==== Data records ====
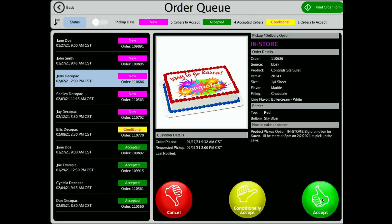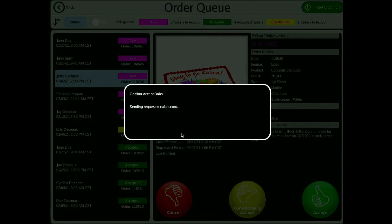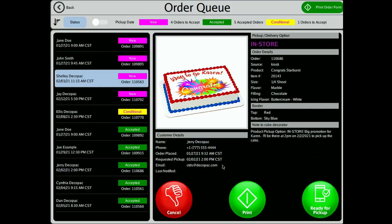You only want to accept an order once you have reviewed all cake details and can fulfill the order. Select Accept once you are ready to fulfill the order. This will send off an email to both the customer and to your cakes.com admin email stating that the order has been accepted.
====
==== Data records ====
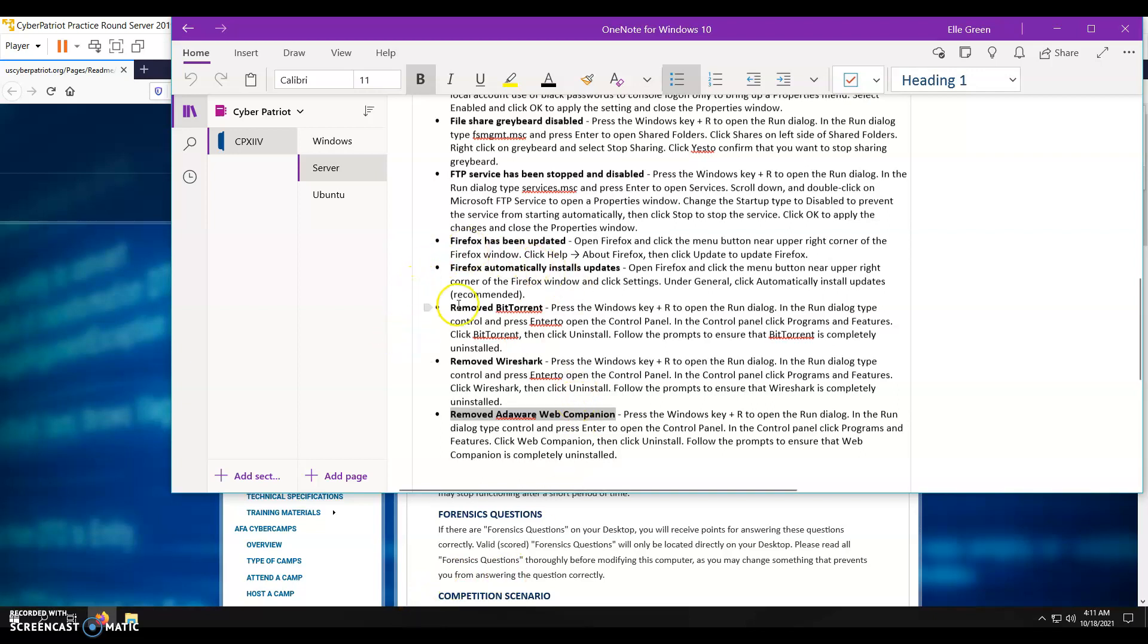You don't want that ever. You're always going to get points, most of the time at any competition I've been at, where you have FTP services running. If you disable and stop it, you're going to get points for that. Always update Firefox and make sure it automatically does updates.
====
==== Data records ====
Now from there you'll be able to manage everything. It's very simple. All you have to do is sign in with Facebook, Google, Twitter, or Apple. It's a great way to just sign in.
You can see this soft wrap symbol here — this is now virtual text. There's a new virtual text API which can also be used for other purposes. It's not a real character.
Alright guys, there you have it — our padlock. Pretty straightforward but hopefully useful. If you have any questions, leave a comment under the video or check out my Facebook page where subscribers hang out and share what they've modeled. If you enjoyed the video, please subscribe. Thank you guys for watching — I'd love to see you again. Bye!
====
=== Work request ===
Your answer should consist of the lines from the line with "Now from there" to the line with "Alright guys, there" above, repeated exactly, both ends included.

=== Solution to the problem ===
Now from there you'll be able to manage everything. It's very simple. All you have to do is sign in with Facebook, Google, Twitter, or Apple. It's a great way to just sign in.
You can see this soft wrap symbol here — this is now virtual text. There's a new virtual text API which can also be used for other purposes. It's not a real character.
Alright guys, there you have it — our padlock. Pretty straightforward but hopefully useful. If you have any questions, leave a comment under the video or check out my Facebook page where subscribers hang out and share what they've modeled. If you enjoyed the video, please subscribe. Thank you guys for watching — I'd love to see you again. Bye!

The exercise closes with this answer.